Grand Duke George Mikhailovich of Russia

by Susan Flantzer
© Unofficial Royalty 2019

Grand Duke George Mikhailovich of Russia; Credit – Wikipedia

The first husband of Princess Maria of Greece who was the daughter of King George I of Greece, Grand Duke George Mikhailovich of Russia was executed by the Bolsheviks along with his brother Nicholas and two other Russian Grand Dukes. George was born on August 23, 1863, in Bielyi-Kliutsch, in the Tiflis Governorate of the Russian Empire, now in the country of Georgia. He was the third of the six sons and the fourth of the seven children of Grand Duke Michael Nikolaevich of Russia and his wife Grand Duchess Olga Feodorovna, born Princess Cecilie of Baden. George’s paternal grandparents were Nicholas I, Emperor of All Russia and his wife Empress Alexandra Feodorovna, born Princess Charlotte of Prussia, daughter of King Friedrich Wilhelm III of Prussia. His maternal grandparents were Grand Duke Leopold of Baden and Princess Sofia of Sweden, daughter of King Gustav IV Adolf of Sweden.

George had five brothers and one sister:

Grand Duke George; Credit – Wikipedia

George grew up in present-day Georgia where his father was the Governor-General of the Russian provinces of Transcaucasia.

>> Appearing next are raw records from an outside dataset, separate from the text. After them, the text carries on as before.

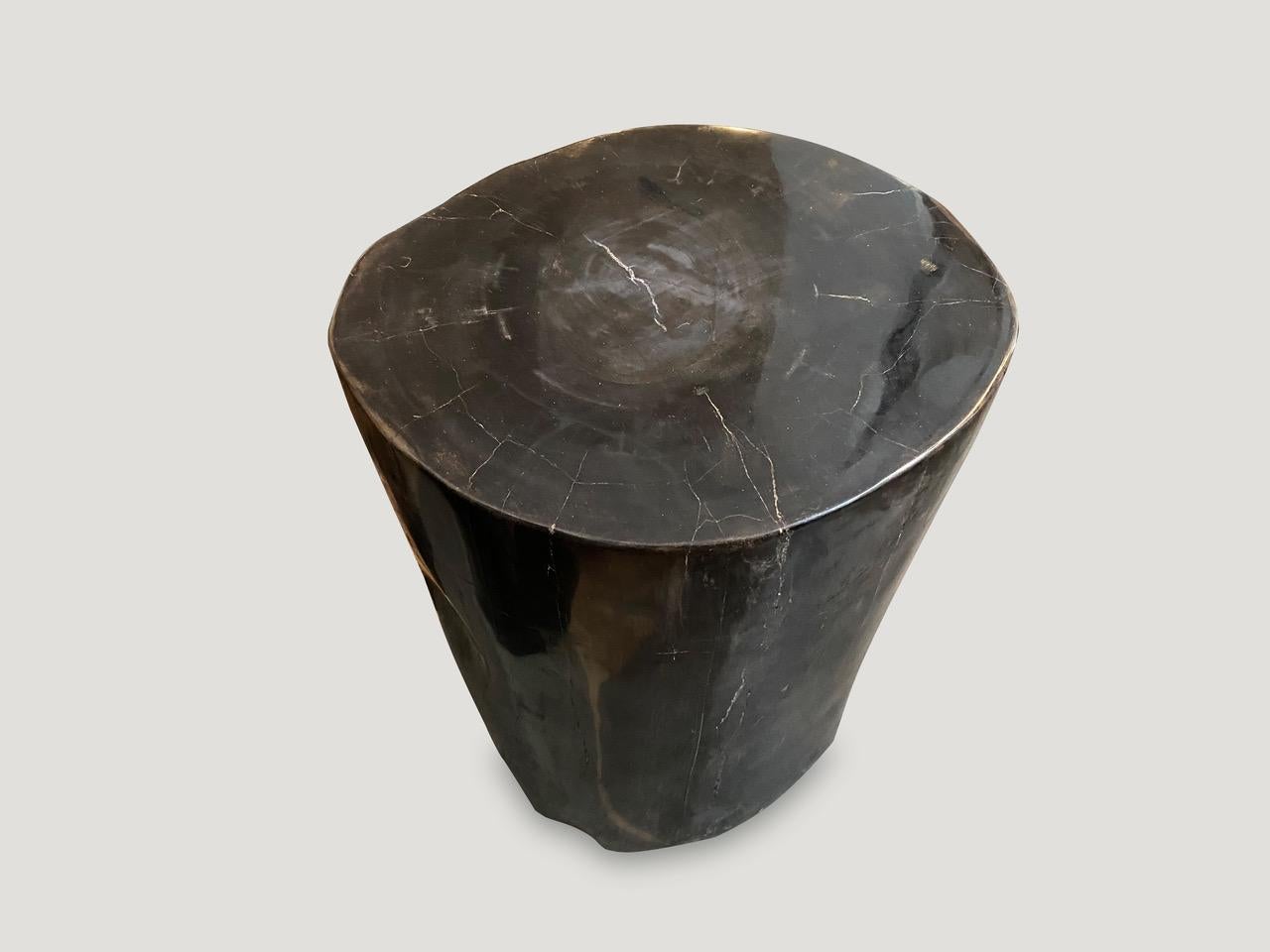 Andrianna Shamaris Super Smooth Black Toned Petrified Wood Side Table In Excellent Condition In New York, NY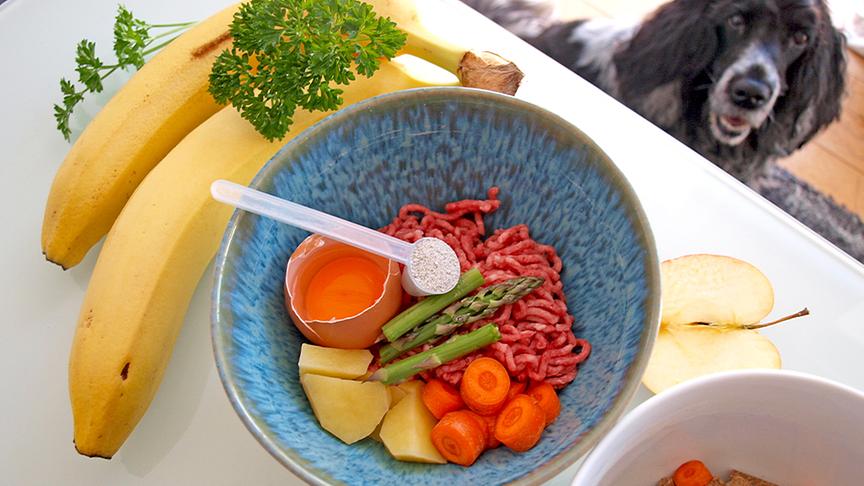© Foto: Julia Brunhofer Leckerlis und Snacks am am besten in die tägliche Futter-Ration miteinrechnen.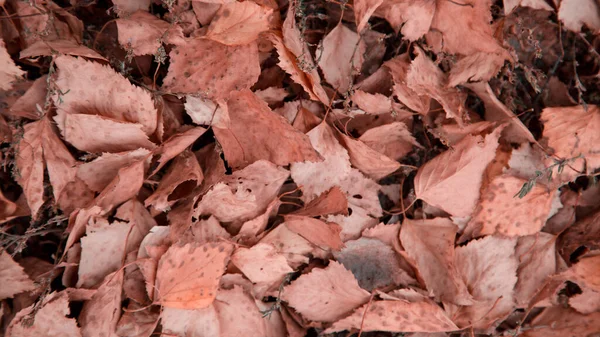 Automne Laisse Fond Plein Air Image Ronde Arrière Colorée Feuilles — Photo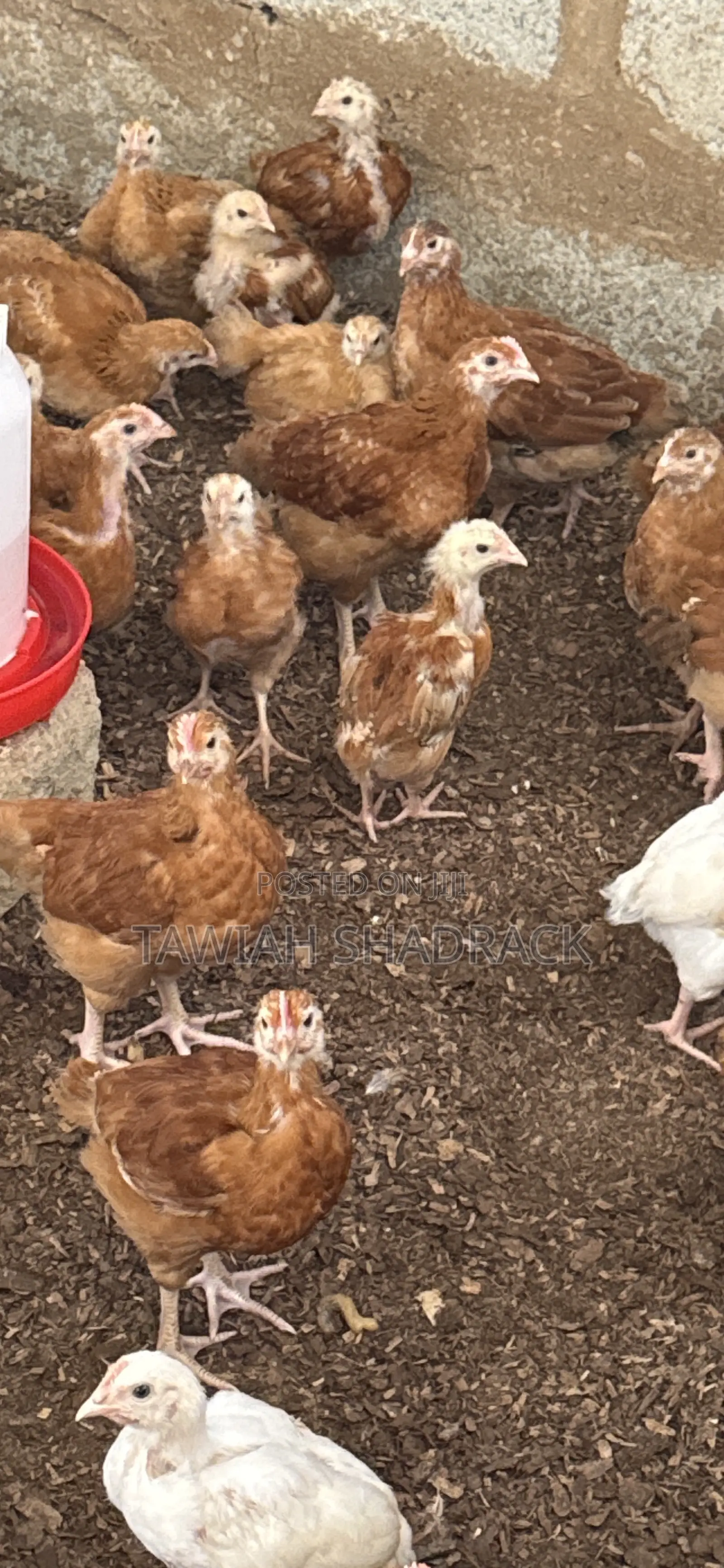 Sasso Chicks 4-6 Weeks Old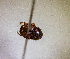  ( - MPALA-T1-ELE-30)  @11 [ ] CreativeCommons  Attribution Non-Commercial Share-Alike  (2024) Unspecified Princeton University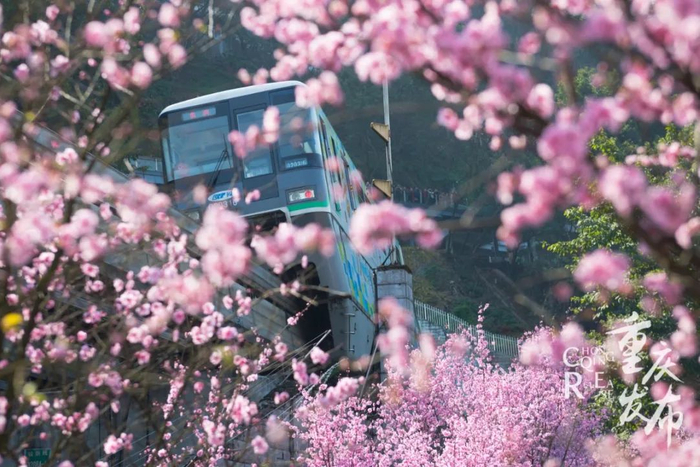 列车穿梭在花海中。邹乐 摄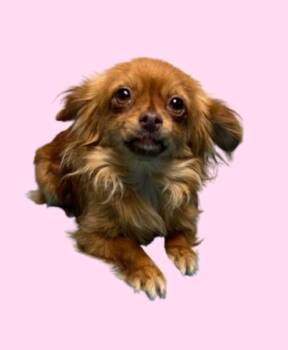 Chihuahua Dogs Available for Adoption in Hollister, California - Mary-Kate | PetCurious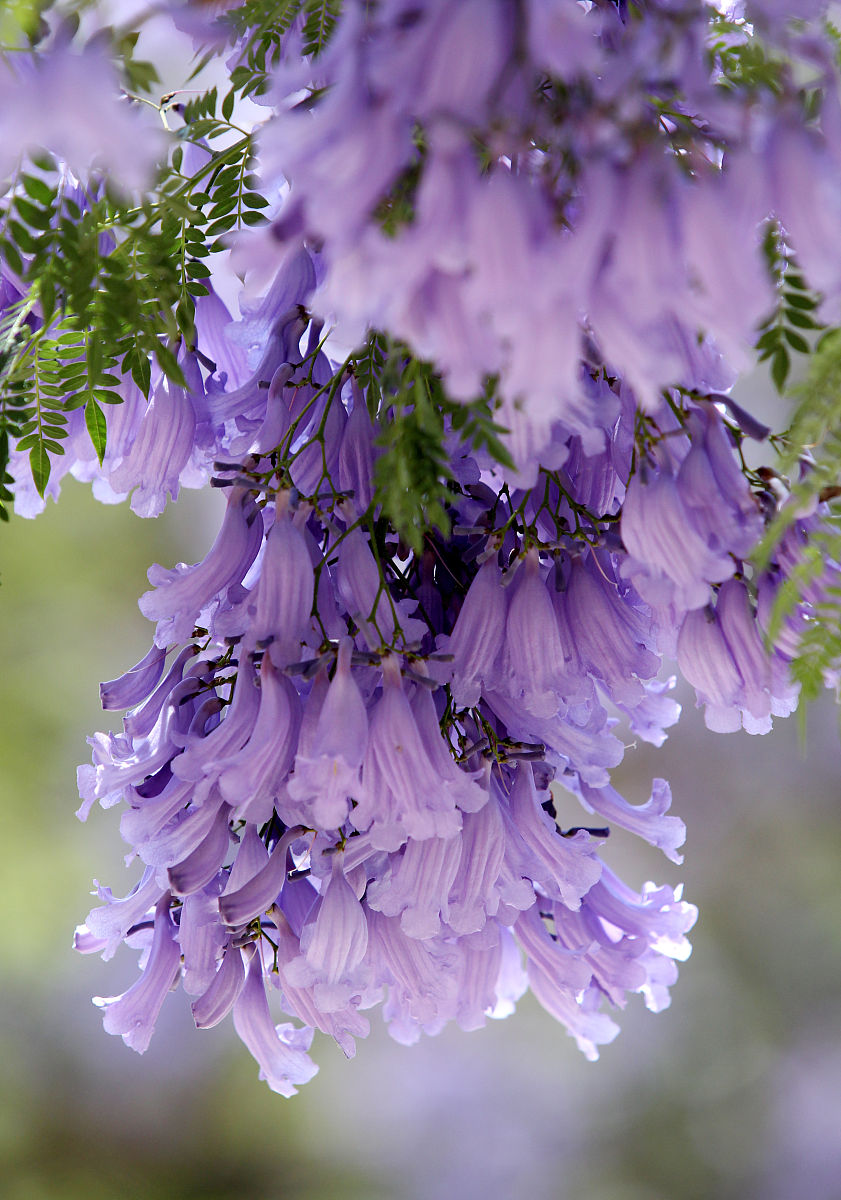 写一首描述春雨的现代诗 关键词 爱情 红豆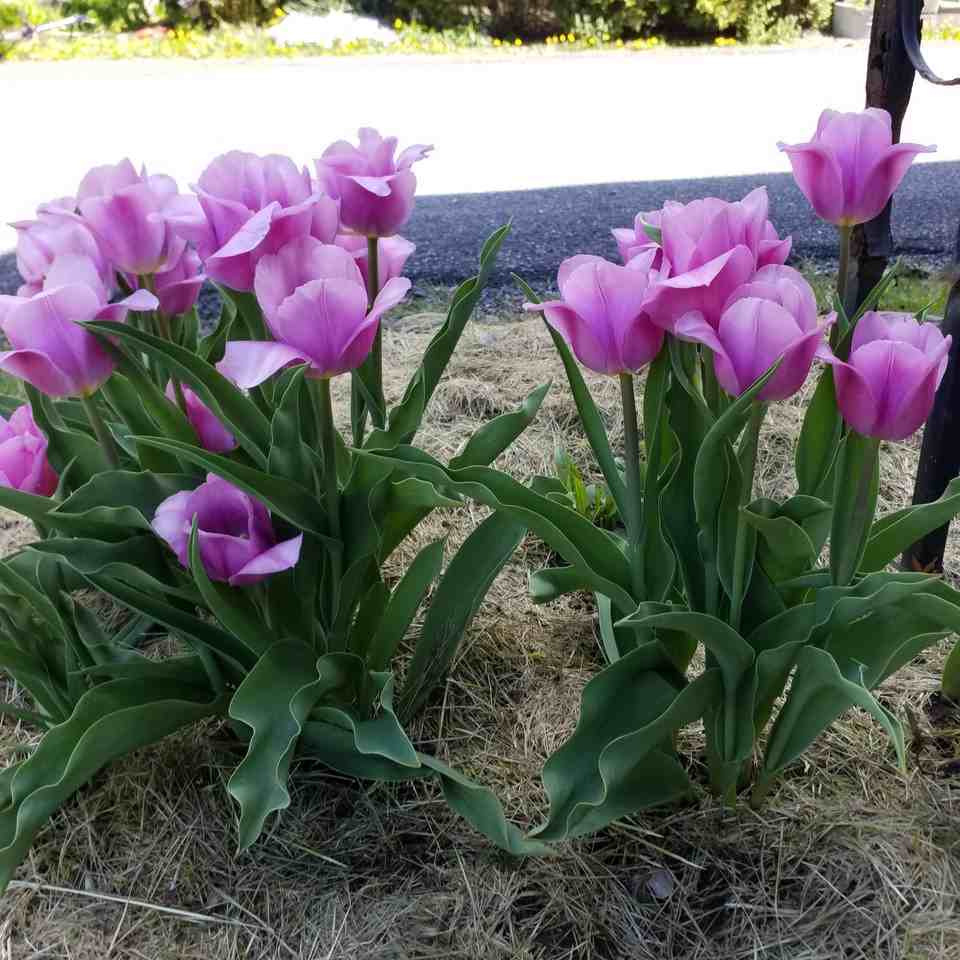 1520 Clauverwie Rd #A - Photo 2 of 20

Educated by private tutors, George had a Spartan upbringing that included sleeping on army cots and taking cold baths.

While George did have a military career and served as a General in the Russian Army, he was a passionate coin collector. His collections of Russian coins and medals included practically every coin ever used in the Russian Empire and he wrote ten books on coins. One of them, Catalogue of Imperial Russian Coins 1725–1891, was reprinted in the United States in 1976 and is still an important reference for coin collectors. In 1895, George was appointed the curator of the Alexander III Museum, today the Russian Museum in St Petersburg. His knowledge of coins was invaluable in increasing the museum’s coin collection. In 1909, George donated his collection to the museum.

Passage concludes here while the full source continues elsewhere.